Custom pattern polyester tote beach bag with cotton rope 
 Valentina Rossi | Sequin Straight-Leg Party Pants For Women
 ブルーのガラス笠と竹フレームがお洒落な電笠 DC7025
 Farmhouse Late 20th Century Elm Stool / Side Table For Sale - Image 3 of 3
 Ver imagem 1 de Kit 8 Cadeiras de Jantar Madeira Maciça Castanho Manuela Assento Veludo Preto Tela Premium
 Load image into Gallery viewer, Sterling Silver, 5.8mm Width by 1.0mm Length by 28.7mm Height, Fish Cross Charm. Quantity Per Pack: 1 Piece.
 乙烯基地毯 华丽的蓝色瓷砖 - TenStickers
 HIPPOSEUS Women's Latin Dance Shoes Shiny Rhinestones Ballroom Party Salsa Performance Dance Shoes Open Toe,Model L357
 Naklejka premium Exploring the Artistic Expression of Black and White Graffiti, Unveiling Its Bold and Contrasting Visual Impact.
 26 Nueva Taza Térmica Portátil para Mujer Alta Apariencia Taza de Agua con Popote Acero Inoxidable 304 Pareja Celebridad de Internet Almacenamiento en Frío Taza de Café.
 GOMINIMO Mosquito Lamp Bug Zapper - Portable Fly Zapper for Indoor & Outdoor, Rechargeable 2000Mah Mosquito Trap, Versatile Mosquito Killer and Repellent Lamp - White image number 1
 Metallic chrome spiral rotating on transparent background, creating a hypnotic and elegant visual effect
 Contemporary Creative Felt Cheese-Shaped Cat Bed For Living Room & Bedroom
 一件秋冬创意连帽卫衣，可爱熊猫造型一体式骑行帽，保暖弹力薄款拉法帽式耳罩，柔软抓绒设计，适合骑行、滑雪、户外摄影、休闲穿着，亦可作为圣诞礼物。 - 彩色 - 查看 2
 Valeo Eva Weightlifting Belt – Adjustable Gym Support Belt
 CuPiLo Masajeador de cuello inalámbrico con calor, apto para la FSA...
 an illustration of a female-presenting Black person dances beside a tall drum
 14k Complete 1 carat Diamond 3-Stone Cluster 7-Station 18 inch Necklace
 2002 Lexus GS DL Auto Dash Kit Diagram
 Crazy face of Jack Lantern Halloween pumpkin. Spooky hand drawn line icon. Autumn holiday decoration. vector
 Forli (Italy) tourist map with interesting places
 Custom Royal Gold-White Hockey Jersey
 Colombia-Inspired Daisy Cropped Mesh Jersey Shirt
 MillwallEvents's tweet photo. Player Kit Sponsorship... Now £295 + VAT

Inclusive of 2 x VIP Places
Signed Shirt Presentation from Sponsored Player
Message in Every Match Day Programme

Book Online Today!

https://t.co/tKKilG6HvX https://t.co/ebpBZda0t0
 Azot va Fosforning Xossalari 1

++++++++

Work required => Looking at the material above, please copy exactly every line from its first line through the line containing "Naklejka premium Exploring", with both ends included and nothing else.

Solution below =>
Custom pattern polyester tote beach bag with cotton rope 
 Valentina Rossi | Sequin Straight-Leg Party Pants For Women
 ブルーのガラス笠と竹フレームがお洒落な電笠 DC7025
 Farmhouse Late 20th Century Elm Stool / Side Table For Sale - Image 3 of 3
 Ver imagem 1 de Kit 8 Cadeiras de Jantar Madeira Maciça Castanho Manuela Assento Veludo Preto Tela Premium
 Load image into Gallery viewer, Sterling Silver, 5.8mm Width by 1.0mm Length by 28.7mm Height, Fish Cross Charm. Quantity Per Pack: 1 Piece.
 乙烯基地毯 华丽的蓝色瓷砖 - TenStickers
 HIPPOSEUS Women's Latin Dance Shoes Shiny Rhinestones Ballroom Party Salsa Performance Dance Shoes Open Toe,Model L357
 Naklejka premium Exploring the Artistic Expression of Black and White Graffiti, Unveiling Its Bold and Contrasting Visual Impact.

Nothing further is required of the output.